A random thought in a random sort of randomly way that is more random than a computer’s random number generator.
There is a lot of fuss about the heartbleed exploit that has, for the past two years made it possible for anyone who knew about it, to read any secure communications sent over otherwise thought to be secure websites.
However, whenever a hack of passwords or whatevers takes place we are exhorted to change our passwords. Today, the porn to food photos service Tumbler suggested people take the day off work and change ALL their passwords, everywhere.
The thing is, just how easy is that to do?
Despite a general reluctance to leave digital droppings without cleaning them up afterwards, I have usernames and passwords all over the place.
When Adobe was hacked recently, I received an email from them, even though I have no recollection of ever opening an account. So how would I have known to change that password when I don’t even know I have an account there?
Likewise, I am job hunting at the moment, and it is baffling, and deeply frustrating at how many companies require me to create a user account, just to be able to send them a copy of my CV. I am opening dozens of accounts all over the place that I will never use again.
So, here is the random suggestion.
Right now, for me to reset my password on, for example, 100 websites does indeed mean taking a day off work, trawling through years of emails to see where I have accounts, and manually resetting all those website details.
What if there were an industry standard for website password change services to accept a remotely triggered request from an authorised service?
So I go to a “give me all my accounts” webservice, and it pings my email address to every single website that supports that facility, and into my email box arrives an email with a long list of websites that replied with “yes, this email address has an account with us”.
Or something similar.
It doesn’t change the passwords, it just gives me a list of services where I have a password.

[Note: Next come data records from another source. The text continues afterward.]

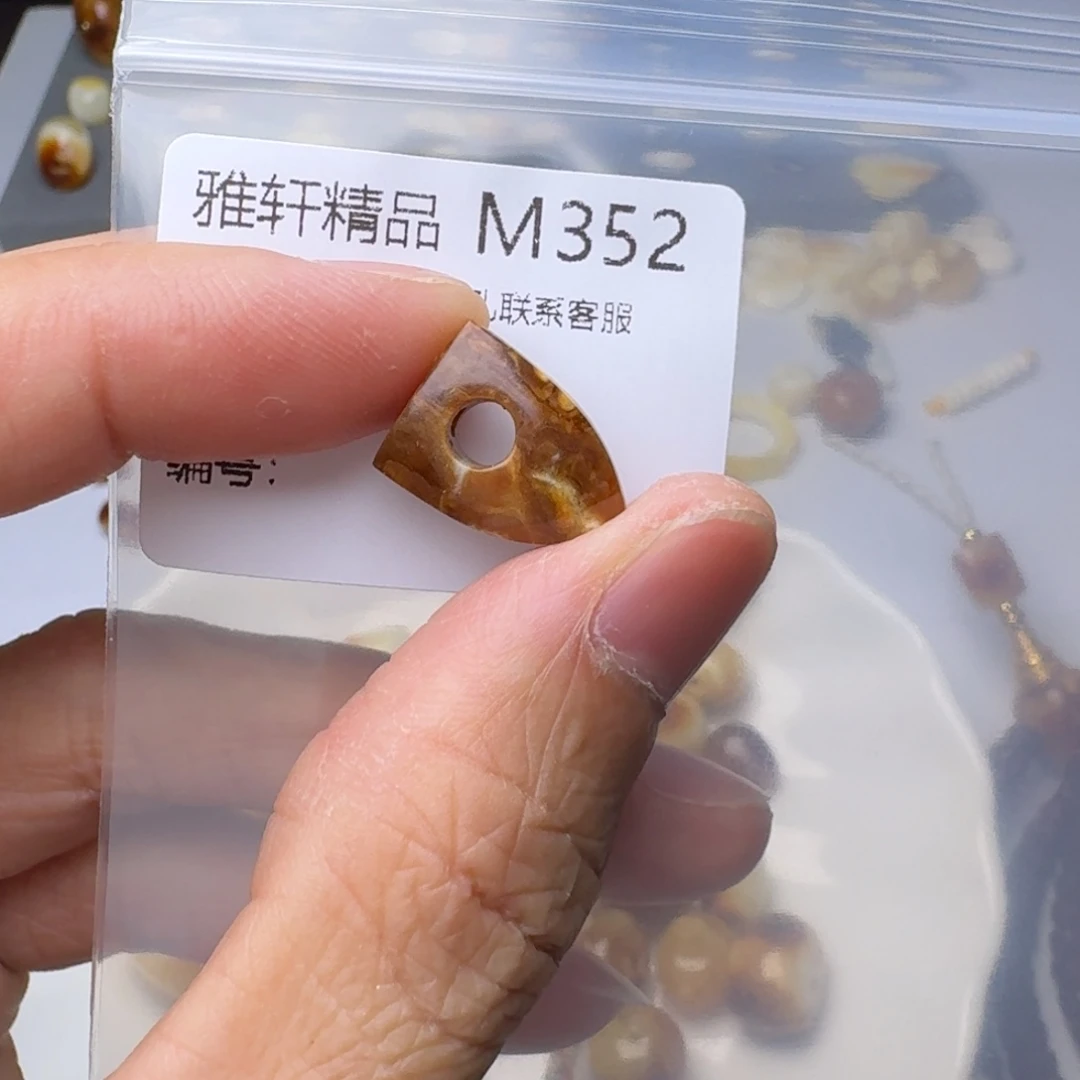 琥珀未镶嵌裸石琥珀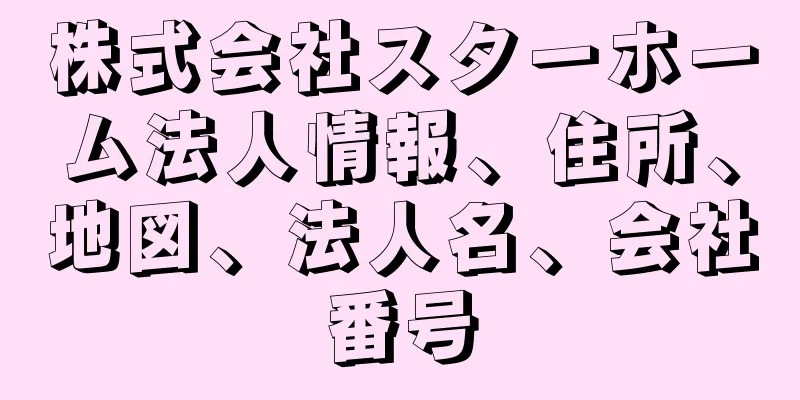 株式会社スターホーム法人情報、住所、地図、法人名、会社番号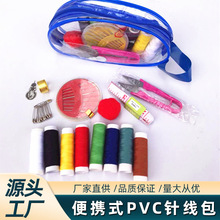家用针线套装便携式PVC针线包手工缝纫针线活缝纫工具针线盒批发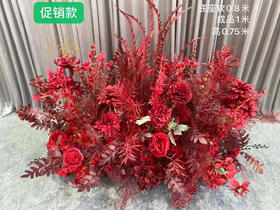 促销款花排（运费自理）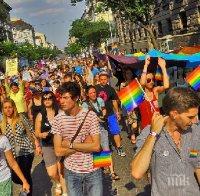 В Истанбул забраниха гей парада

Not foolproof, and yes, miscreants will find ways to abuse it, as they do with everything eventually.
But it would make it a lot easier to ensure that I do indeed change all my passwords, or more likely look at the list and tell half of them to remove my details as I never use their service. And that is a good thing in itself.
I run a few websites, and regularly delete dead account data. If, or more likely, when, my websites are hacked, I don’t want to be contacting people who last logged in 5 years ago to tell them I lost their passwords. It’s embarrassing enough with the active customer base, let alone dealing with long since former customers who probably forgot I even exist..
So, there you are — a random thought that a) companies should delete dead account data, and b) wouldn’t some universal reset all my passwords ping service be a damn useful thing?
Incidentally, I use LastPass to store passwords in my computer, and every account I open now uses a random password that I don’t bother remembering any more. In fact, I have no idea what the password is for the vast majority of websites I have used/reset in the past 6 months.
Of course, that is then a single point of failure, which I really don’t like, and if it goes down I need to reset all my passwords.
So, that password reset ping service would come in really handy on that day!